Required action.
Word for word, set down the lines from the one that contains "154 Crest Ave, Alamo CA 94507" through the final line of the data; no pictures belong in the copy.

Data for processing.
════════════════════

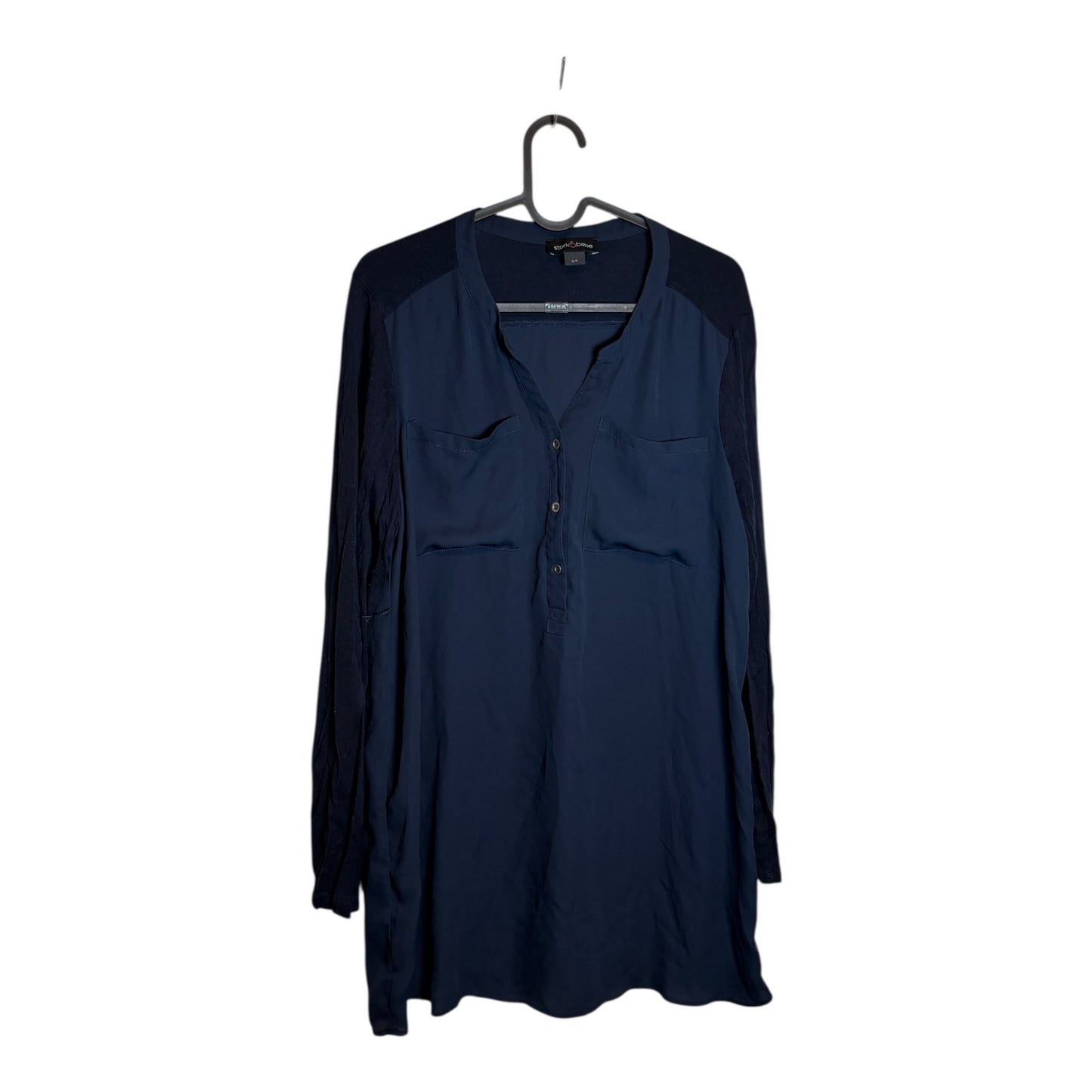 Blouse - Small - Stork&Babe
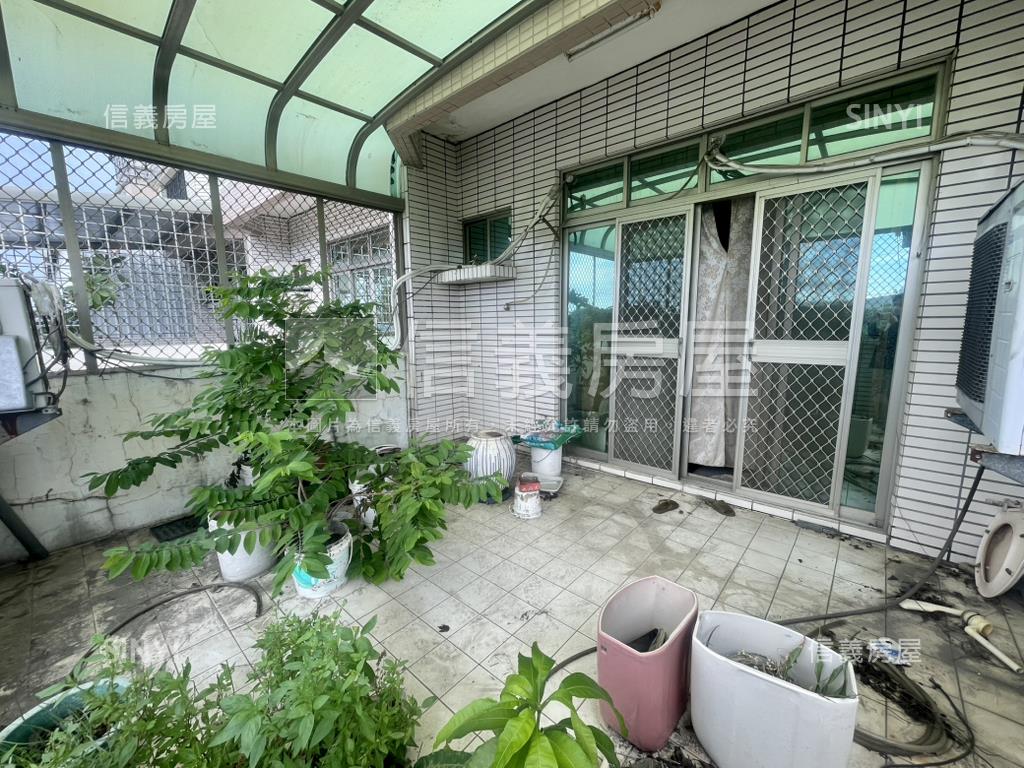 ✨草湖寮｜海佃｜大坪店住房屋室內格局與周邊環境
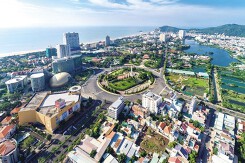 Bà Rịa - Vũng Tàu dự kiến quy hoạch ba tuyến đường sắt đô thị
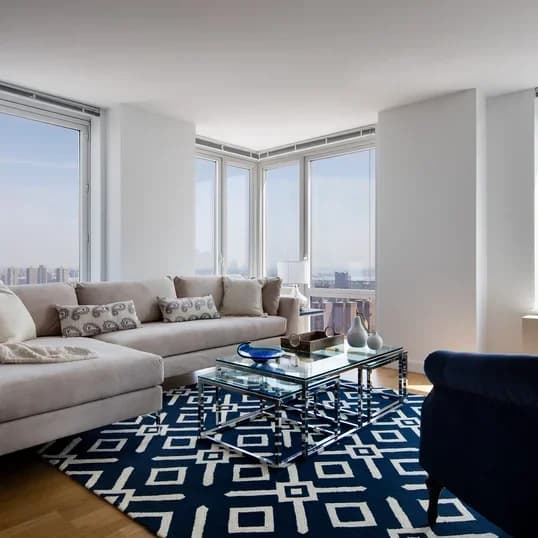 1214 5 Ave #82A, Manhattan, NY 10029 apartment_living_room 1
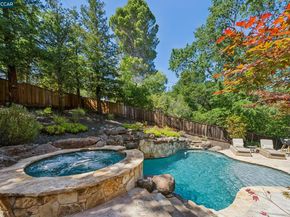 154 Crest Ave, Alamo CA 94507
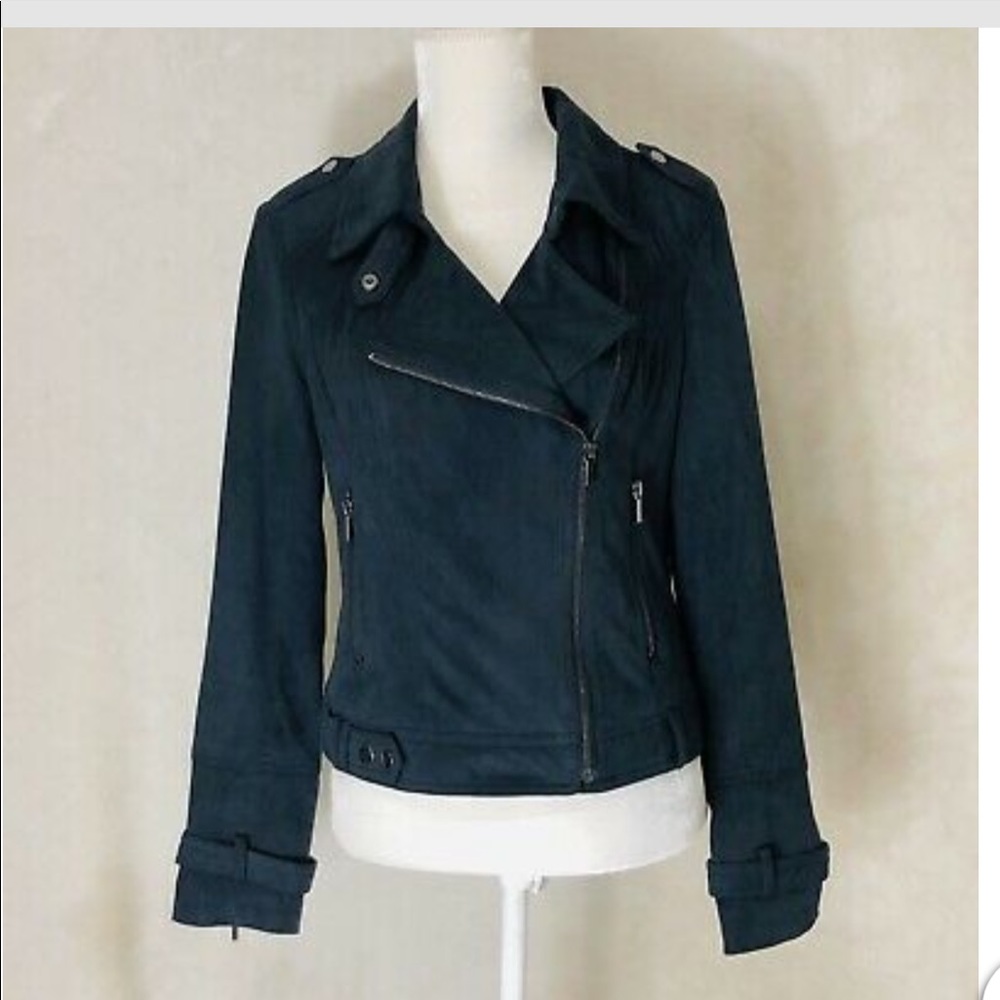 BNCI by Blanc Noir going out jacket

════════════════════

Response.
 154 Crest Ave, Alamo CA 94507
 BNCI by Blanc Noir going out jacket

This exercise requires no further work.